Historical Figures Who Allegedly Died on the Toilet
England was a complicated place in 1016, with Saxons and Vikings controlling different parts of the country and no end of invasions, assassinations and wars.
Edmund Ironside was the son of Ethelred the Unready, the famously cowardly and useless king of England. Ethelred has gone down in history as one of the worse kings ever. Under Ethelred, the expression “Danegeld” came into the language, as the money that Ethelred paid to stop the Vikings taking over his kingdom. Ethelred paid but the invaders unsurprisingly wanted more.

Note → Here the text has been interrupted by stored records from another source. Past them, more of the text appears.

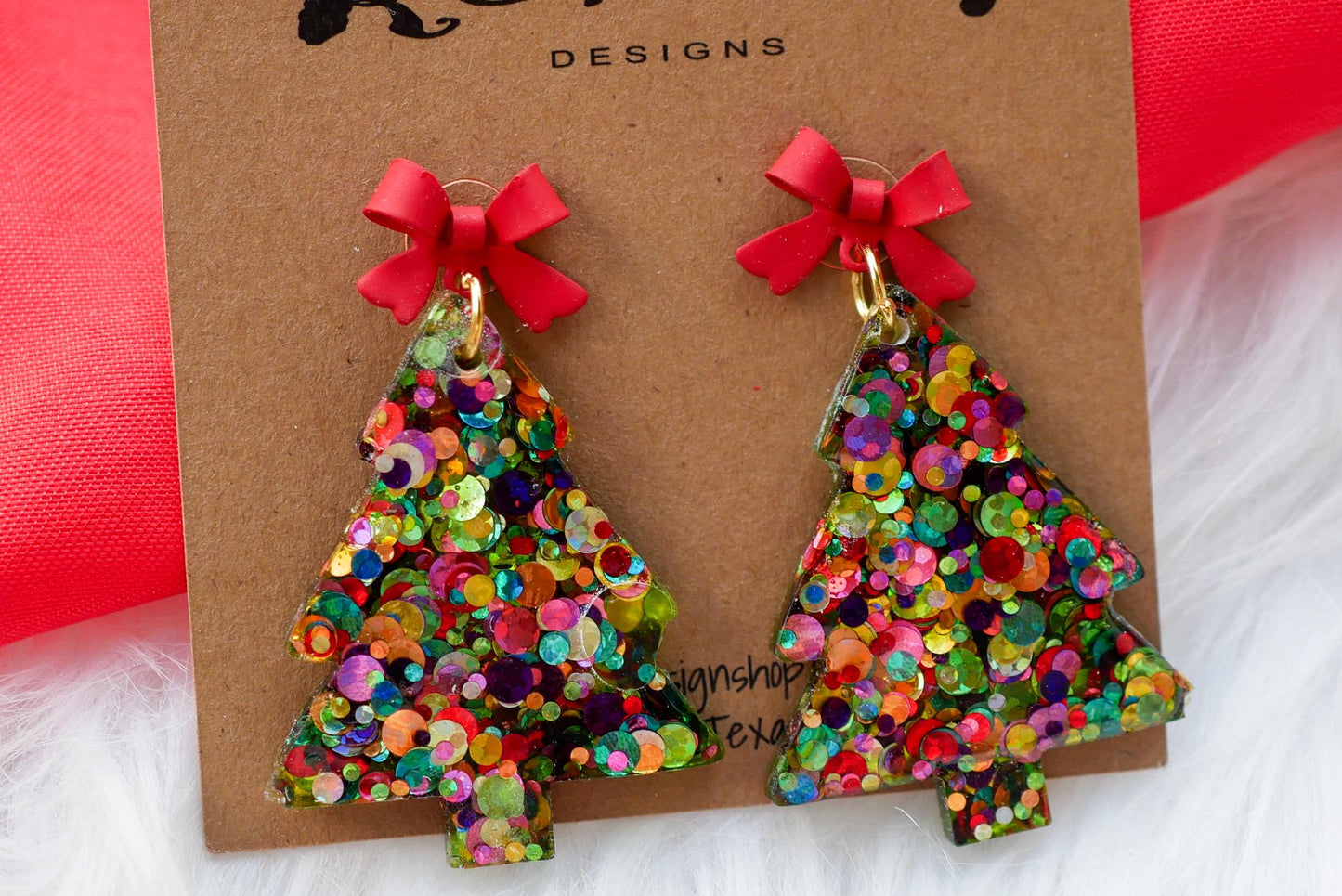 Glittery christmas tree earrings; sequin holiday earrings with a bow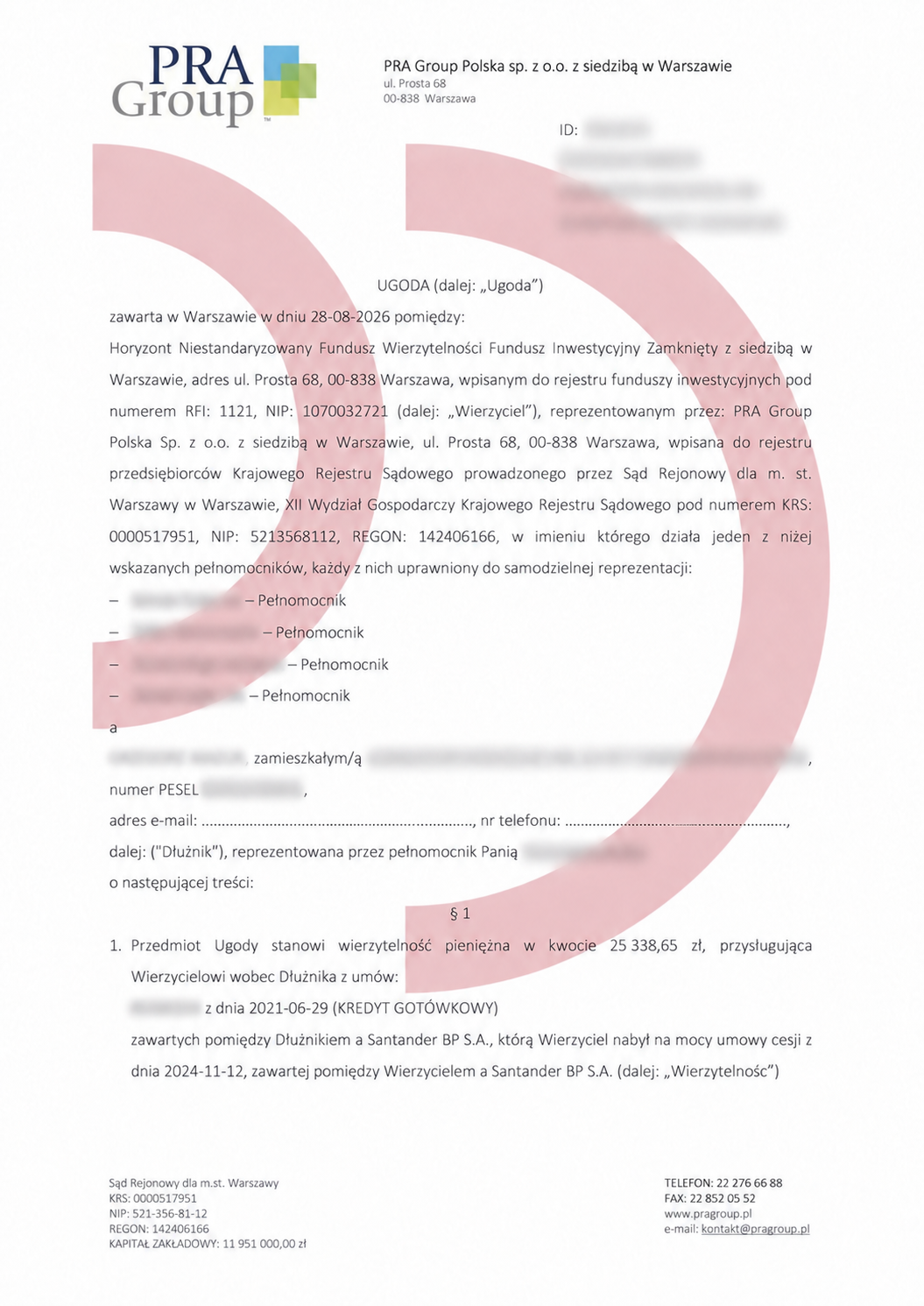 Ugoda z Horyzont NSFIZ – wierzytelność 25 338,65 zł, dane osobowe rozmyte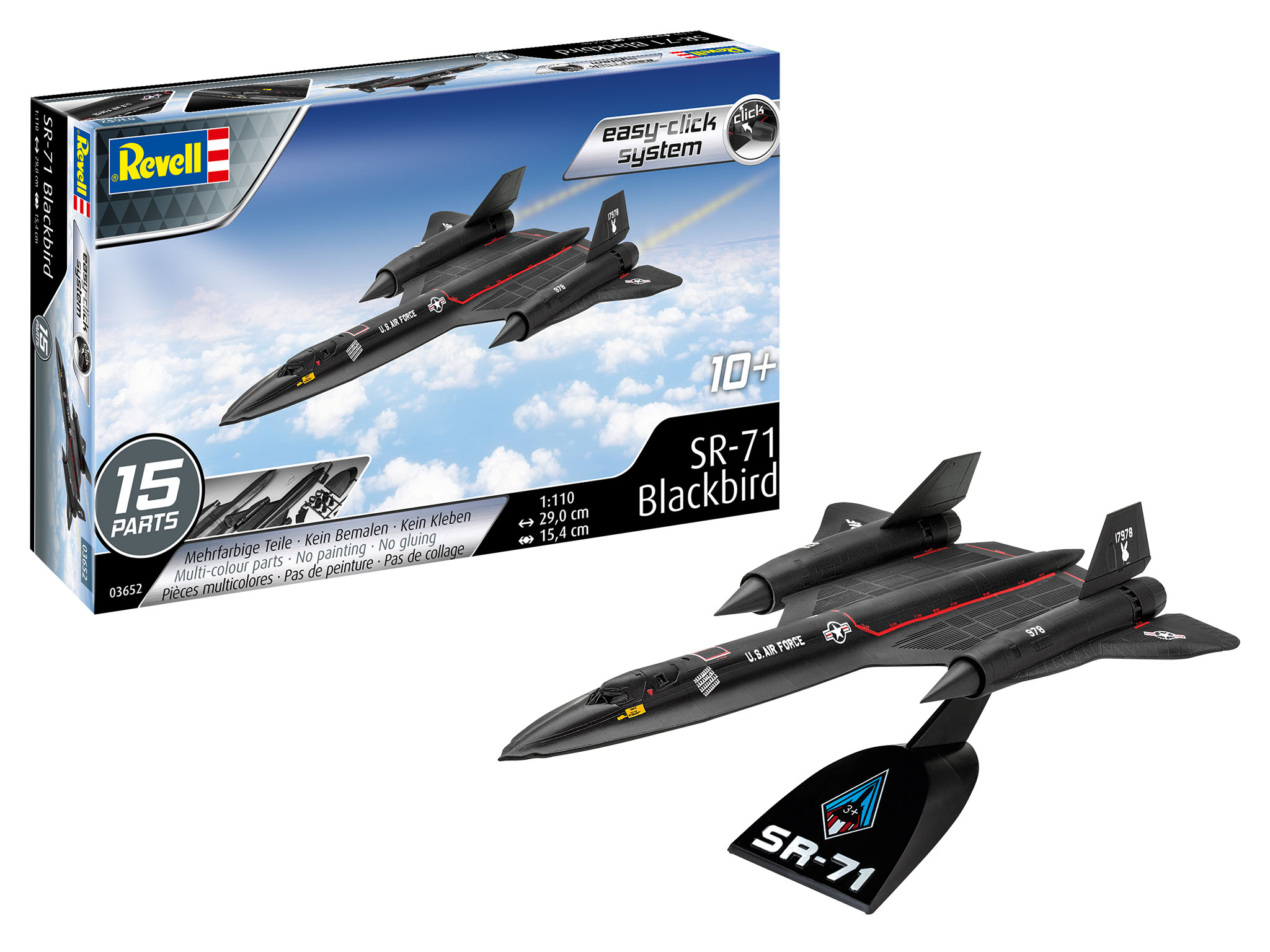 revell-03652-SR-71-Blackbird-Mach-III-Supersonic-Jet-easy-click-system-Bausatz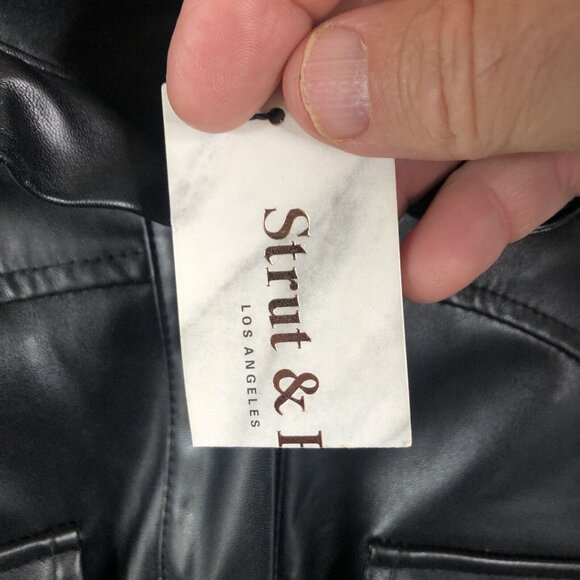 Strut and Bolt Mini Romper Womens S Black Vegan Leather Fringe Whimsigoth NEW - Picture 7 of 16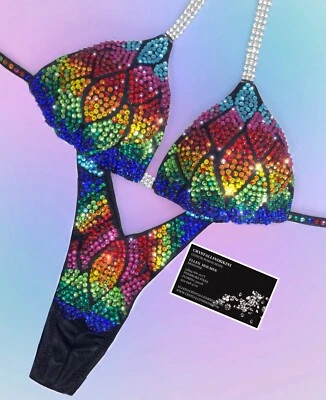 Rainbow gradient figure/physique competition suit - Image 1 of 2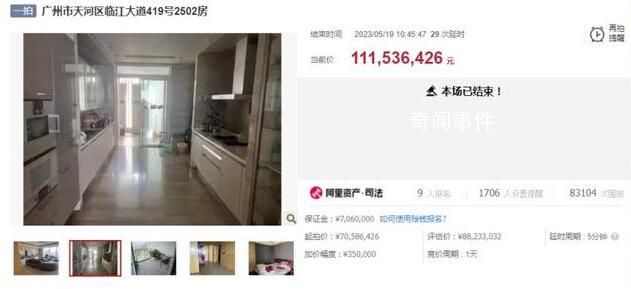 廣州一戶高層住宅拍出1.11億元 起拍價7058.6426萬元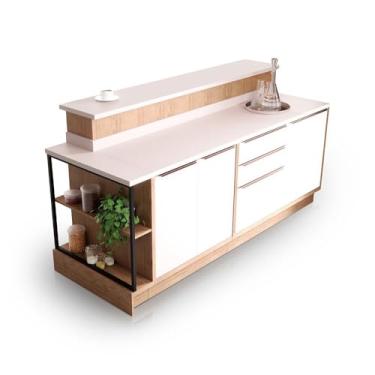 Imagem de Ilha de Cozinha com Bancada 100% Mdf Herval Ten, Off White e Louro Freijó, Com Tampo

In response Ethelred ordered the 1002 St Brice’s Day massacre of Scandinavian settlers across England. For some reason, this didn't go down well in Denmark, prompting the invasion of 1003 led by Sweyn Forkbeard. Ethelred escaped London, ordering his troops to pull down the bridge as they sailed up the river, this event believed to be the inspiration for the children's song "London Bridge is Falling Down". However, Sweyn died suddenly, and Ethelred returned to power. The Danes invaded again the following year led by Sweyn’s son Canute or Cnut depending on your sensibilities, who has gone down in history as the guy who tried to turn back the tide. This was intended to show his humility and lack of divine powers to sycophantic courtiers, but most people assume that he thought he was God.
In 1016, Ironside was sitting on the toilet when an assassin, hiding in the pit below, thrust his longsword up the king’s back passage and killed him instantly. Needless to say, later assassins found that hiding behind curtains or in cupboards was a much more preferable pre-murder strategy.
Marcus Aurelius Antoninus Augustus was only called Elagabalus after his death. He has one of the worse reputations among the Emperors of Rome, and that’s up against some pretty stiff competition.
Appointing a 14 year old to the highest office of the empire was never going to bode well. With unlimited money and power, Elagabalus became notorious for sex scandal after sex scandal with lovers of both genders. He was married five times, which is quite something for someone who died aged 18.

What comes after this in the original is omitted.